Can games be art? Roger Ebert argued that they couldn’t. He was wrong. Any narrative medium can produce art. But I’m not sure we’re producing many examples that meet that definition.
Let’s be honest: everyone keeps talking about BioShock because it had something to say and said it with competence and style, not because what it had to say was especially profound. Had it been a movie or a book, I doubt it would have gotten much attention.
Part of that is because the industry’s economics don’t provide fertile ground for auteurs. This begs the question: given the inherent conservatism in the way the industry makes decisions about content, would we be making more art if customers demanded it? Probably, but that’s not the core audience for most triple-A games. Besides, very few sources are providing audiences with the tools to even recognise art when they encounter it. I’m speaking, of course, about the lack of genuine criticism in games.
For the past year, when I speak at conventions, I’ve been asking gamers, and game devs, what a critic does. The only answer I’ve received is that a critic tells you whether a game is good or bad. Or, worse, that a critic tells you whether to buy a game. Given the corporate entanglements between game companies and many review sites, that last bit is especially chilling.

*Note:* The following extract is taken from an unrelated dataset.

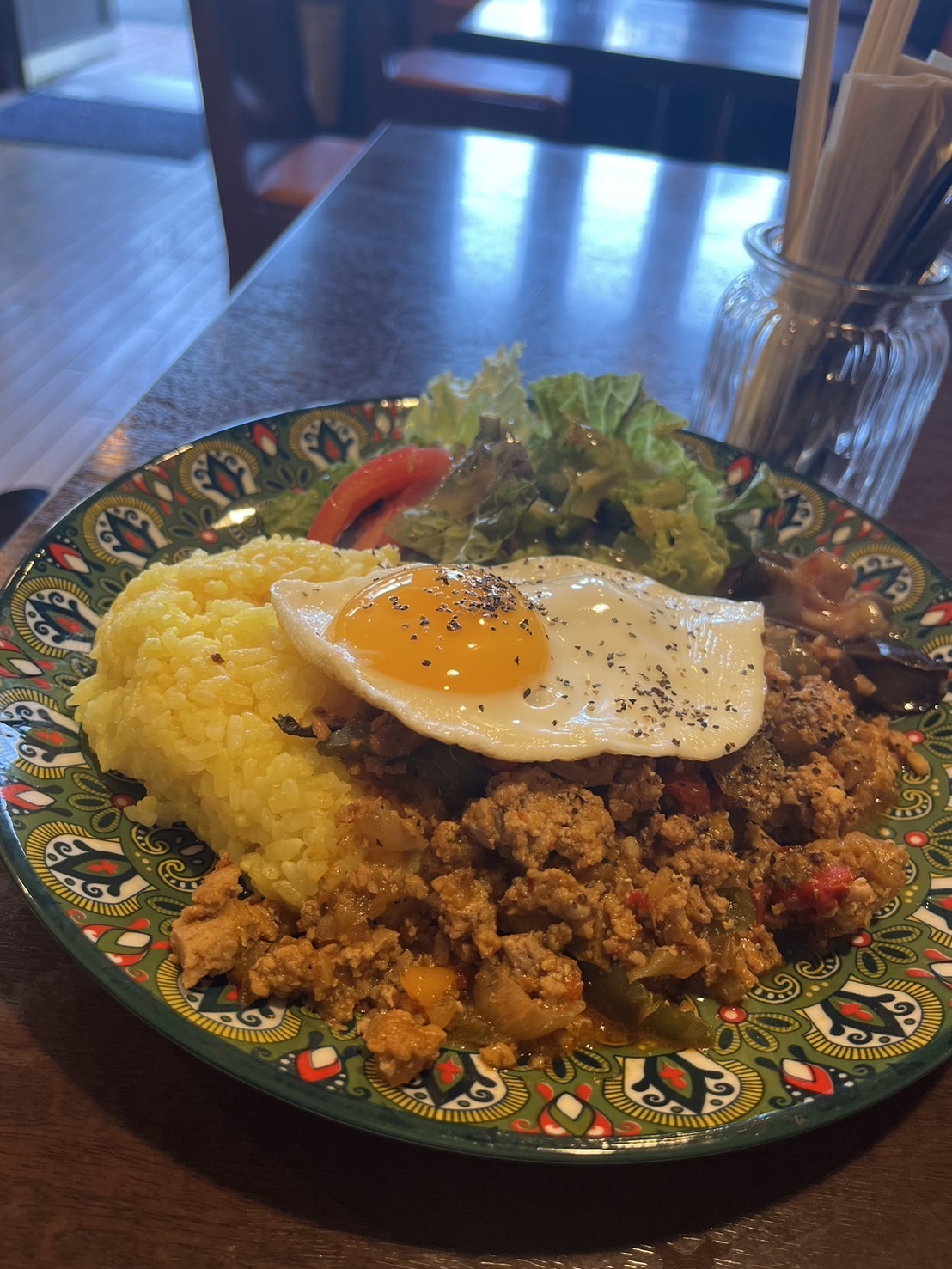 大阪府守口/門真 | 亞洲/民族風味Tapico Cafe（タピコカフェ)|僅座位預訂 - KKday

I die a bit inside, sitting here with a literary criticism degree, every time I hear that.
The role of the critic isn’t purely that of tastemaker or judge – the critic is a guide, an educator, and an interpreter. The critic makes subtext text, traces themes, and fills in white space. Put another way, the critic helps the audience find deeper meaning in a piece of art. Or: the critic teaches the audience the rules of the games artists play so that they’re on a level ground with the artist.
One only has to compare movie or TV reviews in any mainstream publication, in which at least some critical analysis beyond “is this movie worth watching?” is fairly standard, with most of the entries on major game review sites, which tend to focus on specifying what content is in the game and whether it’s fun. In an economic sense, such reviews certainly serve consumers, but they’re not exactly serving those who consume media. (That’s not to say that no one’s doing real criticism: there are plenty of brilliant game critics – mostly writing for sites outside the mainstream.)
I read reviews of my favourite TV shows on the A.V. Club and other sites after I’ve watched the show, because I learn things from those writers. It’s part of the digestive process, and I get insight from it. I’ve rarely had reason to read game reviews after playing the game.
Video games are a geek medium, and the hallmark of the geek is passion and deep engagement. In theory, with an audience primed to devour and pore over every detail, the back-and-forth conversation we have through games should be richer than other media. It’s not. And I wonder if that’s because very few people are teaching gamers the rules of the critical game.